- _Exercise aim_:
Except for the pictures, reproduce the records word for word.

- _Source records_:
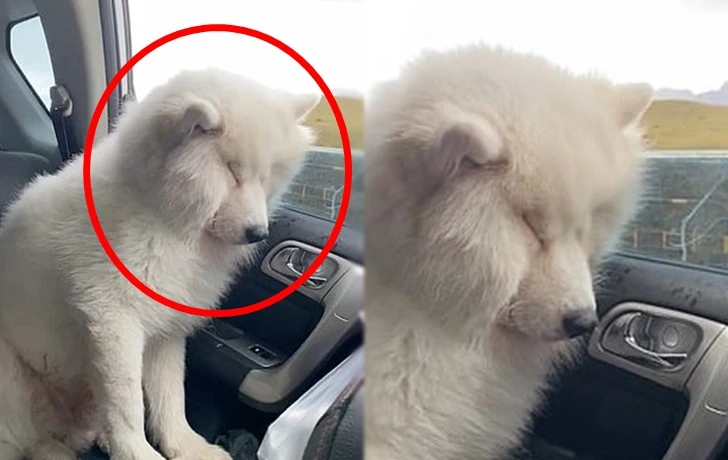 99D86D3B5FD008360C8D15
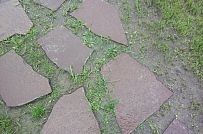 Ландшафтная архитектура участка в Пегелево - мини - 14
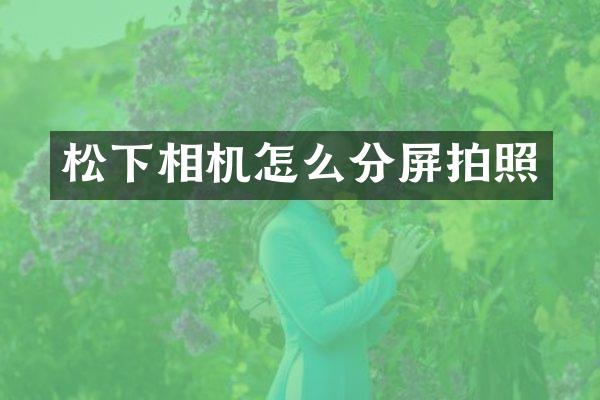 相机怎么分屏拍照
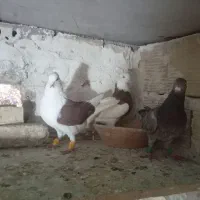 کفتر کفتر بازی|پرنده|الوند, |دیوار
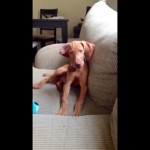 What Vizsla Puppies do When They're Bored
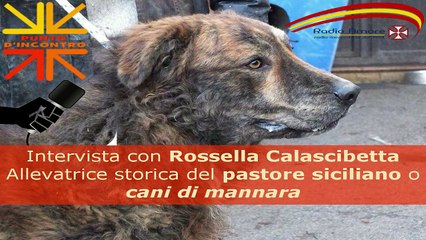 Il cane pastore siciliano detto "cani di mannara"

- _Answer for this exercise_:
 99D86D3B5FD008360C8D15
 Ландшафтная архитектура участка в Пегелево - мини - 14
 相机怎么分屏拍照
 کفتر کفتر بازی|پرنده|الوند, |دیوار
 What Vizsla Puppies do When They're Bored
 Il cane pastore siciliano detto "cani di mannara"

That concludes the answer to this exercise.